◆ PROBLEM DESCRIPTION: Include only the line with "竹園 Chuk Yuen地圖" and the lines after it, each reproduced exactly as it stands in the entries below.

[Stored entries]
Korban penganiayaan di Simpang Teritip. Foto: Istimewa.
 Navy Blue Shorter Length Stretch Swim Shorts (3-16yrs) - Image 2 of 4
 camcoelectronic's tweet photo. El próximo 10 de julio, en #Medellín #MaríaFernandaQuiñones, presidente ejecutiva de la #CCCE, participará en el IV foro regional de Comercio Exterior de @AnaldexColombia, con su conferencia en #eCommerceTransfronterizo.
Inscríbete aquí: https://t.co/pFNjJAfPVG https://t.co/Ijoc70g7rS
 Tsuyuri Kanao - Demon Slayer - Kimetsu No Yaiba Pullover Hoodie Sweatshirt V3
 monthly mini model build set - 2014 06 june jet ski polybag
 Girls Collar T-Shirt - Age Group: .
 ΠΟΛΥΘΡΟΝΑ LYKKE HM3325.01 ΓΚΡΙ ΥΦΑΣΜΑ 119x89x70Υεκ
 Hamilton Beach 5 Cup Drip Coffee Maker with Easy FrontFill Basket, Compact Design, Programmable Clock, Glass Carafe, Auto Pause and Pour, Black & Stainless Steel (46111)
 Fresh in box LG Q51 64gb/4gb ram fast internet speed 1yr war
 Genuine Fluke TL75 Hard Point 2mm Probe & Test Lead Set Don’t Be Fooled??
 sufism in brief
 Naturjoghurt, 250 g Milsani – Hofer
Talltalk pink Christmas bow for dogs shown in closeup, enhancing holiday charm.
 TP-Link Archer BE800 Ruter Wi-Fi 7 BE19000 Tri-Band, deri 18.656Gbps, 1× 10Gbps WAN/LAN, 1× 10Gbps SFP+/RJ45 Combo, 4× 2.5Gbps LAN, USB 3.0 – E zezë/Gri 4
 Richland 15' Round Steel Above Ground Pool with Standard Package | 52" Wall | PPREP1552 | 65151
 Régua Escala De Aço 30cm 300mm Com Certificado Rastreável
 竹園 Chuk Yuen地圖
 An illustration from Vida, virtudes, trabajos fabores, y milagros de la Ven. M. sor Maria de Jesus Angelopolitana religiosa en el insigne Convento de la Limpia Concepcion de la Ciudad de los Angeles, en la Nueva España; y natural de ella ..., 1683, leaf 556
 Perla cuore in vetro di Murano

◆ SOLUTION TO THE PROBLEM:
 竹園 Chuk Yuen地圖
 An illustration from Vida, virtudes, trabajos fabores, y milagros de la Ven. M. sor Maria de Jesus Angelopolitana religiosa en el insigne Convento de la Limpia Concepcion de la Ciudad de los Angeles, en la Nueva España; y natural de ella ..., 1683, leaf 556
 Perla cuore in vetro di Murano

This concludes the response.